The individualism of the modern era has led to a flight from traditional forms of sacrifice, what we might call “relational sacrifice,” which is implicit in monogamy, marriage, and parenthood. In these contexts, the boundaries of the constructed self are routinely undermined by the reality of others and their needs. As these forms of sacrifice have fallen out of favor, however, another form has replaced it: sacrifice for the sake of one’s career. Unlike relational sacrifice, this form of sacrifice tends to shore up the particularly modern, individualist identity we’ve constructed for ourselves. Consider how we describe people who “succeed” by sacrificing time with family and friends, their physical and mental health, and other aspects of their humanity on the altar of their careers. They’re “ambitious,” “hard-working,” and “determined.”

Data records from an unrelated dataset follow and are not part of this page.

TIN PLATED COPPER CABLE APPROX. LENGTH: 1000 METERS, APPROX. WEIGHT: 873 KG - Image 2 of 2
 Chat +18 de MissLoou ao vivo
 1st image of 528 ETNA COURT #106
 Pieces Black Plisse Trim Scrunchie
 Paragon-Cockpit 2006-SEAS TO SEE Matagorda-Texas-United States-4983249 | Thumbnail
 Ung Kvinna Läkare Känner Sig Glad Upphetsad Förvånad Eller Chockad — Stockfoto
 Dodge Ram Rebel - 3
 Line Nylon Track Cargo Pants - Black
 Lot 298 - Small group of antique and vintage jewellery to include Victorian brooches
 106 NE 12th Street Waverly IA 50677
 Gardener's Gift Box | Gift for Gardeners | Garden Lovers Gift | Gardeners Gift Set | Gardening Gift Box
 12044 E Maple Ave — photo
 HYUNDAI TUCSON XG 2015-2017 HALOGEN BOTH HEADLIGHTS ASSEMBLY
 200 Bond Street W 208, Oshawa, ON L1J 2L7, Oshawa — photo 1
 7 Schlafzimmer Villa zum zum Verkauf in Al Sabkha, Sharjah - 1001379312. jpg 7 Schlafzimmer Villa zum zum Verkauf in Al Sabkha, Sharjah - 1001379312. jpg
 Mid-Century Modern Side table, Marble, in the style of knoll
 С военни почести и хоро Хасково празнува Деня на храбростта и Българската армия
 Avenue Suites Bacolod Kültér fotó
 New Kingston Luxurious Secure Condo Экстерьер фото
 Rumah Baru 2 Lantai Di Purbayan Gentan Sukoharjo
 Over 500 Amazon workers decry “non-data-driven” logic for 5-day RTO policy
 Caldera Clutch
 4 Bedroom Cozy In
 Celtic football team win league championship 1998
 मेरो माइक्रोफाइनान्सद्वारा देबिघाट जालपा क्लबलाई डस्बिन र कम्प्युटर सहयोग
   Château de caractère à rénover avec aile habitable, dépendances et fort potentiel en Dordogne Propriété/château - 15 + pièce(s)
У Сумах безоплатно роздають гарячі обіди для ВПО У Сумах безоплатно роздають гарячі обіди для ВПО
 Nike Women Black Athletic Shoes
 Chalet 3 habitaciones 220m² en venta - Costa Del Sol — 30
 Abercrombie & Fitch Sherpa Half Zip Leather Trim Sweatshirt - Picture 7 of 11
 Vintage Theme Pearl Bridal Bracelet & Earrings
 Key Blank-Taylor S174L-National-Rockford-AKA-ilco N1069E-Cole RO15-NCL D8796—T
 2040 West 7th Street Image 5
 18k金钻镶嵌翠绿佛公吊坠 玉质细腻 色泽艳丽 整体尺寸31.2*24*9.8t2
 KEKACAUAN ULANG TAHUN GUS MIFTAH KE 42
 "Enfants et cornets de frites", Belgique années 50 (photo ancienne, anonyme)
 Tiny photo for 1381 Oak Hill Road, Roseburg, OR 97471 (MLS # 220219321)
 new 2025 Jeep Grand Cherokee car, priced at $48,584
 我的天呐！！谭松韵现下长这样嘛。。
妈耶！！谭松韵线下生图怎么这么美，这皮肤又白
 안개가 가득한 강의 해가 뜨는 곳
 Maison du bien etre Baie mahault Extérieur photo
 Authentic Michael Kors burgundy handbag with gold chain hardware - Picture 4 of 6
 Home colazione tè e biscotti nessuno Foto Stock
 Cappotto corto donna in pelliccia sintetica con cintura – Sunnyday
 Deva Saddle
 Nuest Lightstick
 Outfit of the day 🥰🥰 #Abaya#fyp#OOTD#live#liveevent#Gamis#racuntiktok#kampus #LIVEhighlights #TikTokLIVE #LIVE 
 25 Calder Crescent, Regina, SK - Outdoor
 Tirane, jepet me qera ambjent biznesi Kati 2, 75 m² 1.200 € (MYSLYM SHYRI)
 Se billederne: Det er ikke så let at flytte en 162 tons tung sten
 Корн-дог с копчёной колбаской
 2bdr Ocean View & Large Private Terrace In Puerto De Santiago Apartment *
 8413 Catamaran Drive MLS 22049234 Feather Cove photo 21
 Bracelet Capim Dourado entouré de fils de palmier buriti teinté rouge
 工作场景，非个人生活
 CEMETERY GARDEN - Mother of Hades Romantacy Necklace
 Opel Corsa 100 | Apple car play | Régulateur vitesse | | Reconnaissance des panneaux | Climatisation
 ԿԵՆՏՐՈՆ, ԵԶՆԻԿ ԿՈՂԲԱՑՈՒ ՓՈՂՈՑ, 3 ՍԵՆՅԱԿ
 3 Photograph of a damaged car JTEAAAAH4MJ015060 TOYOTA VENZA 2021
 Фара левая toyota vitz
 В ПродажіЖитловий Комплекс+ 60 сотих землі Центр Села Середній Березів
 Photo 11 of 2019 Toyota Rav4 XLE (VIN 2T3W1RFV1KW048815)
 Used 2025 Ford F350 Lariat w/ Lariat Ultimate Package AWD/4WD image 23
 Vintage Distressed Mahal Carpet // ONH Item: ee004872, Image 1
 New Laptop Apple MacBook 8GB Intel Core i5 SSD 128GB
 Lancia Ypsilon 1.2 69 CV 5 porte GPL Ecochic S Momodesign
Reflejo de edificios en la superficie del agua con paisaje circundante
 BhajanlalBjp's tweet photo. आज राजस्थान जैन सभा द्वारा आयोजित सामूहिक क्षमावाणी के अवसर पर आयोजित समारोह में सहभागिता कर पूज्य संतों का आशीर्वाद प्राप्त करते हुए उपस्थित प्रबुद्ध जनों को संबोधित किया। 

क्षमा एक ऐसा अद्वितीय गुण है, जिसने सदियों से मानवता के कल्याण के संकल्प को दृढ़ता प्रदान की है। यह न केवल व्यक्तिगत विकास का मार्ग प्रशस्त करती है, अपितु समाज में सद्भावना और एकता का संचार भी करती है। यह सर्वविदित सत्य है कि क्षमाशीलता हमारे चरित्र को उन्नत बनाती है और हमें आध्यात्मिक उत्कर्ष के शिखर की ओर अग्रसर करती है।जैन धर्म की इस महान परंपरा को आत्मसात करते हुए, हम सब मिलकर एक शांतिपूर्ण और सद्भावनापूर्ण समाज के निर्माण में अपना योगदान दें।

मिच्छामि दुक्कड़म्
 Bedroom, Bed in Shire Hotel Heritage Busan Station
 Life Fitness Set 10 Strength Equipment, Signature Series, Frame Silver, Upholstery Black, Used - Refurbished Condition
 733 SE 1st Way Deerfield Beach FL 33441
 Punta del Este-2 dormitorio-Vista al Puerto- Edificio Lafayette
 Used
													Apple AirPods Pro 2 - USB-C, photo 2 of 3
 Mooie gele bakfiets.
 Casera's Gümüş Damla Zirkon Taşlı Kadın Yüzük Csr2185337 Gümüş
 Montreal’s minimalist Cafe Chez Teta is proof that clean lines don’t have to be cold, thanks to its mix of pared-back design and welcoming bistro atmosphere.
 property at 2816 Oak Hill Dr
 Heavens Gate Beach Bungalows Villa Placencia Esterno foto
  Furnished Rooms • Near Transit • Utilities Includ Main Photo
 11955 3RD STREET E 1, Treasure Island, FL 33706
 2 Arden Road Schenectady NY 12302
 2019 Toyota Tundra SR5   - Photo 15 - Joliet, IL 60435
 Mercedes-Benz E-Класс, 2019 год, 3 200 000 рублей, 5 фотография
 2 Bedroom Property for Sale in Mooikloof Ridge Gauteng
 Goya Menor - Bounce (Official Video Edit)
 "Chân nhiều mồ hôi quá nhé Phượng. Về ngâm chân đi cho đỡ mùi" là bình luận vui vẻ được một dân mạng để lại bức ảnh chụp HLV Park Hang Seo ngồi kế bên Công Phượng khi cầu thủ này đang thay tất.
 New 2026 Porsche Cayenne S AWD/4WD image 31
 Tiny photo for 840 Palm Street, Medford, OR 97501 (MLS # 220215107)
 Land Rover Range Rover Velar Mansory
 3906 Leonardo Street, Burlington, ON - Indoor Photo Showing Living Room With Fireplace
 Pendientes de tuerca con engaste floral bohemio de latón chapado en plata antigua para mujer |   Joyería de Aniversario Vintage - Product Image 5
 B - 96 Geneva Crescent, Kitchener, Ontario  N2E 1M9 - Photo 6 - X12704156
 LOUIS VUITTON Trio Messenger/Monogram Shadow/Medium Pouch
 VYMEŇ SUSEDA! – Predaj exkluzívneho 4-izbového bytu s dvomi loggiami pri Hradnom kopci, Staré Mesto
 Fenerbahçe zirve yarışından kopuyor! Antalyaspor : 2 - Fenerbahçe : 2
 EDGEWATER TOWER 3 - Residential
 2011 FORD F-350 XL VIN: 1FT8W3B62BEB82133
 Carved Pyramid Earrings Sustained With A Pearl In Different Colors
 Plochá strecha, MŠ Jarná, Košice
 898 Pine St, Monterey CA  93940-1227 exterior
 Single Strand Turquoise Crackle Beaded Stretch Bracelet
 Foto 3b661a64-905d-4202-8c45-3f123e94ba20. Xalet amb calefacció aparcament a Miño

The conflation of selfhood with professional identity and self-worth with productivity and ambition is, of course, why stay-at-home motherhood is regarded as such a lowly vocation. At home, there’s no remuneration for services rendered or ladder to climb, nor is there much external validation. There’s just your children and your home’s ongoing needs, which are never complete. A mother’s labor can appear to amount to nothing, at least when seen through the abstract, quantitative lens of the eight-hour workday. Thus, it can be difficult for it to register as a kind of productivity.

To be a stay-at-home mother is, therefore, to step outside of the productivity paradigm entirely, “to [fall] off the edge of the working world,” in the words of Mary Harrington. It’s to step into the margins, to render oneself invisible, and thus to confront a vacuum where your former sense of self and self-worth used to be.

And that’s exactly why it’s such a profound opportunity.

A Sense of Self

When I left my job, I quickly realized how deeply my sense of self was tied to my professional identity, and how much my sense of self-worth and daily well-being were dependent on the rather abstract notion of “productivity.” I realized that I’d been conditioned to view myself as valuable only insofar as I served an institution, whether literal or figurative, and through it, my ambitions. I realized that the form of “happiness” I was most familiar with was entirely contingent upon how much I’d “accomplished” in a given day.

This same conditioning had taken hold of most of my contemporaries, many of whom were holding off on having children so as to prioritize their careers. Having a solid professional identity was reflexively understood as synonymous with self-actualization, and the few friends who never “found themselves” in a particular career were often tormented by the pernicious belief that they had “failed to amount to anything.”

This is a profoundly narrow and spiritually denuded understanding of selfhood, which is predicated on a fundamental insecurity: namely, the belief that “the self” only exists insofar as it’s consciously constructed. The psychoanalysts D.W. Winnicott and Alice Miller provide a helpful framework here: the dichotomy between “the true self” and “the false self.” For Winnicott and Miller, the “false self” emerges in early childhood in an attempt to win the love and approval of our caregivers. It’s the self that pleases, that toes the line. It emerges out of the fear that the “true self,” the self composed of our inner, authentic feelings and desires, isn’t lovable. Over time, we become so practiced at being the false self that we begin to identify with it. As a result, the true self becomes increasingly distant.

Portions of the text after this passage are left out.